Kapatmak için kendisini kim görevlendiriyor acaba, kim atıyorsa değil mi? Kim atıyor, darbeciler değil mi? Peki, kapatıyor mu? Hayır, tam tersine gelişmesi ve genişlemesi ve de kökleşmesi için ufak tefek sapmalar dışında yoğun çaba sarf ediyor.
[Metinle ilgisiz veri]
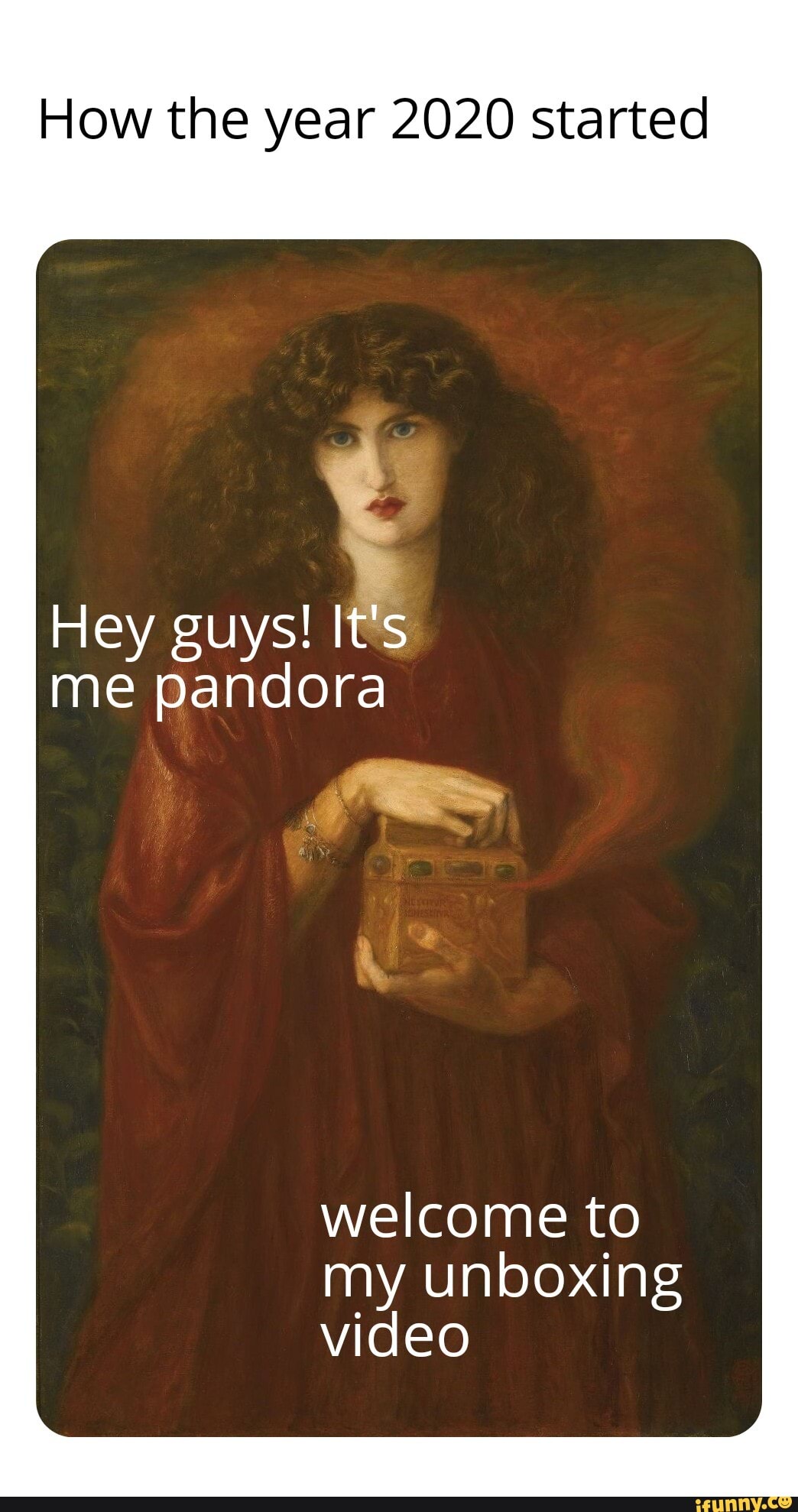 How The Year 2020 Started Hey Guys It s Me Pandora Welcome To My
Tekrar Uğur Ersoy’un anlatımına dönelim. “Kampüsü inşa etmek en önemli problemdi o zaman. Araziyi (şimdiki ODTÜ KAMPÜSÜ) istimlak etmişiz, o hazır ama bir türlü bir şey yapılmıyor. O sırada Ankara’da bir şeker fabrikası yapılıyordu, tam bitmek üzereyken ihtilal olmuş. Devlet Başkanı (Cemal Gürsel) beyanatında “bu şeker fabrikası ne kadar lüzumsuz bir şey” deyince, Feyzioğlu hemen “burayı bize versinler, üniversite burada kurulsun” dedi, çünkü binalar hazırdı. Biz karşı çıktık. Ama Feyzioğlu kararlıydı, Cemal Gürsel ile konuştu. O da destekledi, bütün bakanlar şeker fabrikasının devriyle ilgili kararnameyi imzaladılar ama Bayındırlık Bakanı Mukbil Gökdoğan reddetti. Düşünün ihtilal hükümeti başkanı Cemal Gürsel istiyor ama bakan imzalamıyor. Ne amaçla imzalamadı hiçbir fikrim yok. Ama iyi ki de olmadı.” 
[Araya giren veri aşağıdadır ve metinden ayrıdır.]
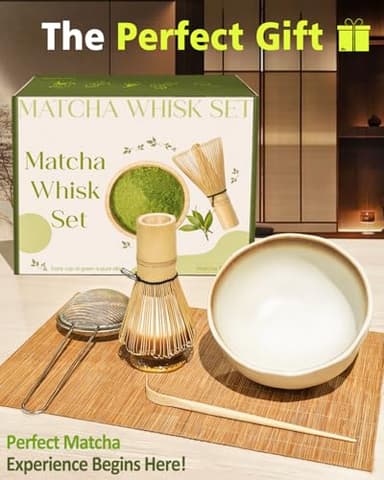 Cowcowcow Matcha Whisk Set, Complete Matcha Set with Matcha Whisk, Bowl, Sifter, Spoon, and Whisk Kit for Ceremonial Grade, Tea Gifts for Tea Lovers for Christmas, Birthday, Halloween - Image 6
Evet, nereden nereye… Güçlü, kudretli, kudretine ters düşülemez denilen Devlet Başkanına karşı çıkılıyor, istemesine rağmen kararname imzalamayan bakanlar bile oluyor. Artık, dediğimizi yapmıyorlar iddiası ile bakan ve bürokratlar görevden alınabilir hale gelmiş iken, eski çok kötü idi iddiasıyla hor görülen Canım Yurdumda, bu yaşananların önemi büyüktür… Evet, Devlet Başkanı bile olsa, zati akıl, vicdan ve öngörü ve de kamu yararı adına muhalif karar alınabiliyor kültürü biraz geriye gidince görülebilir Canım Yurdumda… İlgililer bilir, yazılan bir yaşanmış olay vardır. Mustafa Kemal Atatürk; bir gün Milli Eğitim Bakanına bir not gönderir, “gelen bu 2 fakir çocuğu, uygun göreceğiniz, parasız yatılı bir liseye kayıt ettirin”, Bakan behemehâl yardımcısına talimatı aktararak, “bu iki çocuğun evrakını alınız ve Haydarpaşa Lisesi’ne PARALI yatılı olarak kaydını yaptırın, her ikisi için de üçer yıllık paralı yatılı makbuzlarının veli ve ödeyen hanesine Atatürk’ün ismini yazarak bana getiriniz” gereğini yapar. Bakan işlemi müteakip bir not ile durumu Atatürk’e iletir ki not şöyledir, “Muhterem Atatürk, Yaver Bey’le göndermiş olduğunuz iki çocuk hakkında emirlerinizi aldım. Ancak, arkasında Türkiye Cumhuriyeti’nin kurucusu ve Cumhurbaşkanı Atatürk gibi biri bulunduğu için; bu çocukları fakir ve kimsesiz olarak kabul etmeme, hem yasalarımız, hem de mantığım izin vermedi. Bu nedenle her iki çocuğun da kayıtlarını emirleriniz gereği Haydarpaşa Lisesi’ne PARALI yatılı olarak yaptırdım. Çocukların üçer yıllık okul taksitlerine ait makbuzları ekte takdim ediyorum...” Aaa, şimdi biri çıkar da yahu bu tam bir atmasyon derse de, belgelendiremeyeceğim için fazlaca itiraz edebileceğim bir durum değildir. İlaveten, direnmiş midir direnmemiş midir, bilemem hatta önemsemiyor ve ilgilenmiyorum da esasen de denilmemiş olsa bile yaşandığı tevatür edilen hikâye dönemin meşrebine de çok uygun düşmektedir.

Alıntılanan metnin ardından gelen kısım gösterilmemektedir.